La sénatrice Petitclerc : Merci.

M. Gauthier : J'espère que cela répond à votre question.

La sénatrice Petitclerc : Oui, cela m'aide beaucoup.

Le président : M. Gauthier, vous êtes certainement Québécois. Concernant les entreprises minières du Nord du Québec — car je viens du Nord du Québec —, pourriez-vous me dire si Cartier Mining et Cartier Railway font partie de votre association?

M. Gauthier : Oui. Quebec North Shore et ArcelorMittal font aussi partie de l'association.

Le président : Quebec North Shore & Labrador Railway aussi?

M. Gauthier : Oui, tout à fait.

Le président : Vous avez souligné que le Québec investissait à partir de la bourse du carbone dans le transport par train.
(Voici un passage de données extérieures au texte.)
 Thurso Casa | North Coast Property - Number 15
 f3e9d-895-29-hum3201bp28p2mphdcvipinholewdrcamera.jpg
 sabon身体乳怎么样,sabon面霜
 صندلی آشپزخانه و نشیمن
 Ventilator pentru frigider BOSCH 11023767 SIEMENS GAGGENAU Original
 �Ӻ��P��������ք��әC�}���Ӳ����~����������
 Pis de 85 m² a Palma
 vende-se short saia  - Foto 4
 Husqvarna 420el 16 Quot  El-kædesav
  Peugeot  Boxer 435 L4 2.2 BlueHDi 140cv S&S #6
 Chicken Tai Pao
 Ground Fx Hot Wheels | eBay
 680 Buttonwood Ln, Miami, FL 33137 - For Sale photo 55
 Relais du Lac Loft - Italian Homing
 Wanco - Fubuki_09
Je crois qu'il y a deux endroits en Amérique, la Californie et le Québec, où cela se fait à l'heure actuelle. Avec la bourse du carbone qui deviendra « nationale » — c'était une annonce du gouvernement —, je pense qu'il revient à chaque province de savoir où elle va investir. Si elles investissent dans les tours de transmission de réseaux de télévision, ce n'est pas très rentable pour le chemin de fer. Cependant, les deux grandes compagnies de chemin de fer sont venues témoigner ici pour nous dire combien c'était important.

Je vous remercie infiniment de votre témoignage, c'est très apprécié. Sans doute que, d'ici la fin de l'année, vous aurez des nouvelles à nous donner à nouveau. Merci infiniment, bon retour et bonne journée.